- Kevserin işi nedir? Her yanan, onun vasıtasiyle biter, yenilenir.
- کار کوثر چیست که هر سوخته ** گردد از وی نابت و اندوخته
- Kevser, katra katta keremlerini ilân eder; cehennemin yaktığı şeyleri ben yine yerine getiririm der.
- قطره قطره او منادی کرم ** کانچ دوزخ سوخت من باز آورم
- Cehennem, güz mevsiminin soğuğuna benzer. Keserse ey gül bahçesi, bahar gibidir. 4170
- هست دوزخ همچو سرمای خزان ** هست کوثر چون بهار ای گلستان
- Cehennem, ölüme, mezar toprağına benzer. Kevserse sur üfürülmesi gibidir.
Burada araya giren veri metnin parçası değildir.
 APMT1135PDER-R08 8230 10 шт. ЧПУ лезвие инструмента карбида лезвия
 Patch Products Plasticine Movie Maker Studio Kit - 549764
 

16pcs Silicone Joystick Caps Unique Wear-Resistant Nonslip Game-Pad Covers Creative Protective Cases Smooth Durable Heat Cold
- هست دوزخ همچو مرگ و خاک گور ** هست کوثر بر مثال نفخ صور
- Ey cehennemde bedenleri yananlar, Tanrı keremi, sizi kevsere çağırmadadır.
- ای ز دوزخ سوخته اجسامتان ** سوی کوثر میکشد اکرامتان
- Ey daima faal olan diri Tanrı, lütfen "halkı, benden faydalansınlar diye yarattım;
- چون خلقت الخلق کی یربح علی ** لطف تو فرمود ای قیوم حی
- Ben onlardan faydalanayım diye değil" buyurmuştur. Bu, senin cömertliğindir; bütün noksanlar, o cömertlikle düzelir.
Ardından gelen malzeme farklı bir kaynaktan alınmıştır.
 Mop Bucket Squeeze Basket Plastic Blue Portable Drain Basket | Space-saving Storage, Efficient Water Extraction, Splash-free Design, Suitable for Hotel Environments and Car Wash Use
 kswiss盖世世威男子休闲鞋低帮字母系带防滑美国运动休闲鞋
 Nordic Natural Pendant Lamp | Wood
- لالان اربح علیهم جود تست ** که شود زو جمله ناقصها درست
- Bedene tapan şu kullarını affet. Af denizinin af edişi, yerinde bir iştir. 4175
- عفو کن زین بندگان تنپرست ** عفو از دریای عفو اولیترست
- Halkı ırmak gibi, sel gibi affet, yıka, ant, kendi denizine daldır, temizle.
- عفو خلقان همچو جو و همچو سیل ** هم بدان دریای خود تازند خیل
- Aflar, her gece şu gönülden çıkar, güvercinler gibi sana uçar, ulaşır.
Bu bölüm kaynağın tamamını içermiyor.